The unrest in Israel is not over the judicial overhaul — it’s an identity crisis
Is Israel ‘democratic’ first and ‘Jewish’ second? Or vice versa?
Like spectators in a boxing match wondering which of the two battered heavyweights will hit the ropes first, Israelis and international observers of the current upheaval over Israel’s judicial system are wondering: How many more rounds will the two sides go?
Having passed the “reasonableness clause” amendment this week, Prime Minister Benjamin Netanyahu must decide whether to press ahead with the rest of the package of changes — as justice minister and architect of the controversial reforms, Yariv Levin, wants to do — or notch a victory and pivot to other concerns like the economy and security situation.
But for a glimpse of their long-term future, Israelis should look beyond their own political system to a set of parallels overseas. The judicial overhaul crisis is the local version of Trumpism and Brexit — both tell us what happens when ideas go from the margins to the mainstream. Combined with a powerful animating personality, formerly marginal ideas can awaken a powerful new majority, and provoke a national identity crisis.
Let’s start with Trumpism. Mostly forgotten in the retrospective glare of Donald Trump’s ascent is the way that he was able to build on the Tea Party movement’s introduction of a maximalist and populist agenda to the GOP. Components of Trump’s MAGA agenda were new, but Trump’s unique superpower was his megaphone effect. His powerful ability to get and maintain media attention enabled his ability to move ideas on free trade, immigration and the media from the fringes of the Republican Party to its center.
Since those ideas were opposed to the liberal consensus, the controversy over Trump as a political personality quickly became a much more profound referendum on what type of country Americans wanted to see. That’s why Trump continues to be the linchpin of American politics, because epoch-defining identity struggles are not short-term questions.
The same dynamic drove Brexit. For years, the dream of leaving the European Union was the province of “fruit cakes and loonies,” as former British prime minister David Cameron memorably dismissed the UK Independence Party’s outsider campaign.
But suddenly, the fruit cakes won. Boris Johnson’s emergence as a galvanizing figure took the pro-Brexit cause from meshuga to mainstream. Once there, Brexit quickly became a proxy for a referendum over British identity — hence its endurance.
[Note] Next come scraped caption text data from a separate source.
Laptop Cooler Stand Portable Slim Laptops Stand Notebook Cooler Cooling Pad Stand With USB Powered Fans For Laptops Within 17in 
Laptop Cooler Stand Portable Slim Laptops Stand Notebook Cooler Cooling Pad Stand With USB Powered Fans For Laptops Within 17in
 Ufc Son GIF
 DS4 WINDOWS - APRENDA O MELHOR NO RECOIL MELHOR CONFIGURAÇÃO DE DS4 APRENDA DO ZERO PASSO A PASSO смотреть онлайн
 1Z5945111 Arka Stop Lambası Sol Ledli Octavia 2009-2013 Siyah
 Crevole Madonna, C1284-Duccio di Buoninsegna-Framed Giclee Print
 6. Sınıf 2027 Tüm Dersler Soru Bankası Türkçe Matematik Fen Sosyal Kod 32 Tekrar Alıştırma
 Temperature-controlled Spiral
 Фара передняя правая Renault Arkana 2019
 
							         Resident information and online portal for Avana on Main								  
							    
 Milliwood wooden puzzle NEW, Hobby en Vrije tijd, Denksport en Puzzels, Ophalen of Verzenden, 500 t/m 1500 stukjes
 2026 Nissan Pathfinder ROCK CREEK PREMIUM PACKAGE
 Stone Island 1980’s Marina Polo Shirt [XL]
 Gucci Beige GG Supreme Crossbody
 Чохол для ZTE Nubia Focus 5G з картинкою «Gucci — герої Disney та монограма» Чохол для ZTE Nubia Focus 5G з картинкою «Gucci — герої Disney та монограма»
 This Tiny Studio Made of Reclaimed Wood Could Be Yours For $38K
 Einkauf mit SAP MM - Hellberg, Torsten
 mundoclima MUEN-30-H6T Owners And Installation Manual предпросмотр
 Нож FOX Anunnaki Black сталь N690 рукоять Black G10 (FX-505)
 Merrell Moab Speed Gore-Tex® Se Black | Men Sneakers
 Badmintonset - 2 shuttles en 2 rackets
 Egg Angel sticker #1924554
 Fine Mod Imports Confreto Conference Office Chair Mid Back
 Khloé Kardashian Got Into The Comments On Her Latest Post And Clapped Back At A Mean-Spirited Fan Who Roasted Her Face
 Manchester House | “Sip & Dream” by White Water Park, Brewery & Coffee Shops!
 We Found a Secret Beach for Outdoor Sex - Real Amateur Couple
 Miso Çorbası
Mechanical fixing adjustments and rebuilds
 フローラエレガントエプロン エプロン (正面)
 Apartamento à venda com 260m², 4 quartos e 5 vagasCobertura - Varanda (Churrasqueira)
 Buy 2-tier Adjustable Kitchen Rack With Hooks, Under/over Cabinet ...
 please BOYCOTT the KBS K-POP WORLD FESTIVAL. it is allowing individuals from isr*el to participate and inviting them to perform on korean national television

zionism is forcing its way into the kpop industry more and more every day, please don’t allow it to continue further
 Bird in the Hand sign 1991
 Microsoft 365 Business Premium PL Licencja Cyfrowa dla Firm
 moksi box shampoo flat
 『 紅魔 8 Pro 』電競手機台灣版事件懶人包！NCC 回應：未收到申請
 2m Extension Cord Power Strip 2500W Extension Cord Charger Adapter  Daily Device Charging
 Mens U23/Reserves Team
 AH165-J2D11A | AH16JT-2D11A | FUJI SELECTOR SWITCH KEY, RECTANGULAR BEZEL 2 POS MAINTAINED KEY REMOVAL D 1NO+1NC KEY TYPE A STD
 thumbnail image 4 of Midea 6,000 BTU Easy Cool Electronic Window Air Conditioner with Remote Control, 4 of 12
Israel’s judicial overhaul saga has followed a similar pattern.
Last November, two months before the current controversy burst into the open, I sat down in the Knesset with a then-little-known politician — Simcha Rothman, one of the judicial overhaul’s architects.
He described the long march to take the idea of judicial reform, which had percolated since the ’90s, from the fringes to the heart of Israel’s right.
It had emerged out of bipartisan frustration with the creeping power grab by the country’s Supreme Court justices, which originated in a little-noticed legal ruling that took place in the days immediately after Yitzhak Rabin’s assassination in 1995.
When the proposed judicial overhaul legislation was announced in January, the ferocity of the debate around the changes quickly made it clear that — like Trumpism and Brexit — they touched on something far deeper than the separation of powers and the limits of judicial influence.
Unlike the cartoonish, hysterical claims of a mortal threat to Israeli democracy exported by left-wing figures such as former prime minister Ehud Olmert, and echoed by foreign media outlets, the truth is that this is a perfectly legitimate debate over the court’s power — one that’s once again become a proxy for an identity war.
Some see it as a tussle over the two elements of Israeli identity expressed in its Declaration of Independence: is Israel “democratic” first, and “Jewish” second, or vice versa? Others speak of a new division emerging between a secular, pluralist “State of Israel” centered on Tel Aviv, versus a religious, particularistic “State of Judea” centered on Jerusalem.
But regardless of labels, the fault lines are clear. For overhaul advocates, checking the High Court’s power is a chance to defend conservative values that are threatened by liberal justices, as Rothman told me. That’s precisely what the largely secular protest movement fears. Instead of protesting in the name of democracy, what they’re actually fighting for is to preserve Israeli secularism’s control of the public square.
Having endured six months of left-wing street protests, airport blockades and public and private sector strikes, plus threats to ground the air force and damage the country’s economy, what can long-suffering Israelis look forward to now?
If the parallels with Trump and Brexit are any indication, this struggle isn’t going anywhere. When fundamental questions about society bubble lava-like beneath the surface and then find a fissure, the eruption can’t easily be contained.
Doubtless, there will be a political ebb and flow: The protests may lose steam, or the current government could fall to a politician like Benny Gantz, who vows to roll the changes back.
But having metastasized into an era-defining societal reckoning, Israelis had better get used to the fact that the judicial overhaul crisis is here to stay.